My name is Mandika. I’m 25 years old. I grew up on the outskirts of Nagpur. My father is a labourer (he earns $80Au per month – barely enough to feed our family). I finished my 12th school exams and then ran away with my boyfriend (now husband), he is a hair dresser in a village outside Nagpur. We were happy for many years together, although money was always tight
My family was very shocked by my actions, in a society where 80% of marriages are arranged. They found it hard to accept my husband and didn’t talk to me for many years. They felt I brought shame on the family.
My problems began when I got pregnant. After 6mths my child miscarried. I was really devastated. After a year I again got pregnant. In my 7th month I got pre-eclampsia and miscarried. At that time my kidneys were severely damaged. Now, 6 months later both my kidneys have failed and I have to come every 10 days to the government hospital where I spend a day having all my blood pumped out of my body into a machine that purifies it. Apparently the prognosis on my life expectancy is not good. Maybe I have 1-2 years left. There is a high rate of infection in government hospitals.
The social worker from Bodhicitta Foundation asked me if I have any dreams left for my life. The answer is I don’t. I’m satisfied with what I had – 6 happy years with the man I love. My husband and I still talk on the phone, but he says he know’s I’m dying and he can’t watch me die. It’s also very expensive for him to get me medicines. I’m very sad about him leaving me.
Now I’m back home with my parents. They are not happy I’m here and my father doesn’t speak to me, but at least I have a place to stay. My little brother has been amazing. He takes me to the hospital. He is studying at University. He rides two hours a day and brings me food, even though he has hardly any money. He has been trying to find a kidney donor or a private hospital that will offer free dialysis. But it doesn’t look good.
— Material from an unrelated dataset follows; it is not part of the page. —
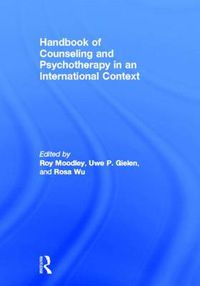 Cover image for Handbook of Counseling and Psychotherapy in an International Context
We all have to die. I am only 25, and I don’t want to die. I wish I had had a child and could be with my husband. But I have accepted my situation. We all have to let go in the end. There is peace in that. Take good care of each moment that is left to you friends, for life is fleeting. Don’t waste your life in distraction. Do good and cherish the people who love you. Try to live fully. I am grateful for the permanent line surgery Bodhicitta has given so I can access dialysis more safely.